## Instructions for the task:
Look through the entries below and extract exactly the lines from the one containing "matapelajaran serta menilai" through the one containing "Диагностические цифры предиабета: глюкоза", ends included.

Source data
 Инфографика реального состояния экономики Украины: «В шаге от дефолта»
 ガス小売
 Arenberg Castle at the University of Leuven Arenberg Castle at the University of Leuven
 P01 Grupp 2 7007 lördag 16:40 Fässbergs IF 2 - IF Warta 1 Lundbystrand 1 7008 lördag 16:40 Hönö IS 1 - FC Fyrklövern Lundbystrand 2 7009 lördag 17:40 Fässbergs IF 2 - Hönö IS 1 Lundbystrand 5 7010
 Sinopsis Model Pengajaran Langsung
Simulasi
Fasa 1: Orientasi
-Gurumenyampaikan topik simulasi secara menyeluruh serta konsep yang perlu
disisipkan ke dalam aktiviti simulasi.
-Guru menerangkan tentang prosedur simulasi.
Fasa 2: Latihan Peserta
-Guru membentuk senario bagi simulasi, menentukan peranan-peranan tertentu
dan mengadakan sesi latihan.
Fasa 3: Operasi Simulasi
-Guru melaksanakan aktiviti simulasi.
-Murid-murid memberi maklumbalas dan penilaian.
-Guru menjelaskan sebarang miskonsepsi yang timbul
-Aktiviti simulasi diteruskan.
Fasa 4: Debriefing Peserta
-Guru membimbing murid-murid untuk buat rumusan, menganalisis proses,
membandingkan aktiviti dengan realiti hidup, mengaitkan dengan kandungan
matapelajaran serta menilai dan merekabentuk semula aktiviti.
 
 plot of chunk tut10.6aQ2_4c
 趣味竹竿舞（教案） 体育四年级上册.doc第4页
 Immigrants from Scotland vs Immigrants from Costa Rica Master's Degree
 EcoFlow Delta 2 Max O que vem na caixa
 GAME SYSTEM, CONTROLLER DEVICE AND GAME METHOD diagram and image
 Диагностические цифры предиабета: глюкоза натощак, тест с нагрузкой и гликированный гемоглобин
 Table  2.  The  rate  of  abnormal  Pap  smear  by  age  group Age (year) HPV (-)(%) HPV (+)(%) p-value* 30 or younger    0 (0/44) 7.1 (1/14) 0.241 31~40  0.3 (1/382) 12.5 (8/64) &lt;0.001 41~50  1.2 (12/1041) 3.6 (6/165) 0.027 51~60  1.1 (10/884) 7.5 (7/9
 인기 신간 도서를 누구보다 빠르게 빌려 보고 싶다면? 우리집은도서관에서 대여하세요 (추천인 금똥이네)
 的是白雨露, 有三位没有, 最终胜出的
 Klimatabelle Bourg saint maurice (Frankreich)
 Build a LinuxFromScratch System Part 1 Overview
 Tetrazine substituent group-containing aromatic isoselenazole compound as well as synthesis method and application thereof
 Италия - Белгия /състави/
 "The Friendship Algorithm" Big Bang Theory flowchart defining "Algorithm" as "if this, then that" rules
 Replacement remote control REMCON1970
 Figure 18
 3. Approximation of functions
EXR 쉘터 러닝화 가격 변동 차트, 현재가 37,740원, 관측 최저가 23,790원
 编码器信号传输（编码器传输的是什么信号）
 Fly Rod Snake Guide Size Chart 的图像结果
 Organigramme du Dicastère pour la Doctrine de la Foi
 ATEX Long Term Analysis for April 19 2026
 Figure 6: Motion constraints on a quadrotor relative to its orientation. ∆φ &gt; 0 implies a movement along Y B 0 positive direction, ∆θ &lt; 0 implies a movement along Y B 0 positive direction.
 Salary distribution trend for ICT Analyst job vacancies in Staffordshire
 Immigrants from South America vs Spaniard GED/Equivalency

## Solution:
matapelajaran serta menilai dan merekabentuk semula aktiviti.
 
 plot of chunk tut10.6aQ2_4c
 趣味竹竿舞（教案） 体育四年级上册.doc第4页
 Immigrants from Scotland vs Immigrants from Costa Rica Master's Degree
 EcoFlow Delta 2 Max O que vem na caixa
 GAME SYSTEM, CONTROLLER DEVICE AND GAME METHOD diagram and image
 Диагностические цифры предиабета: глюкоза натощак, тест с нагрузкой и гликированный гемоглобин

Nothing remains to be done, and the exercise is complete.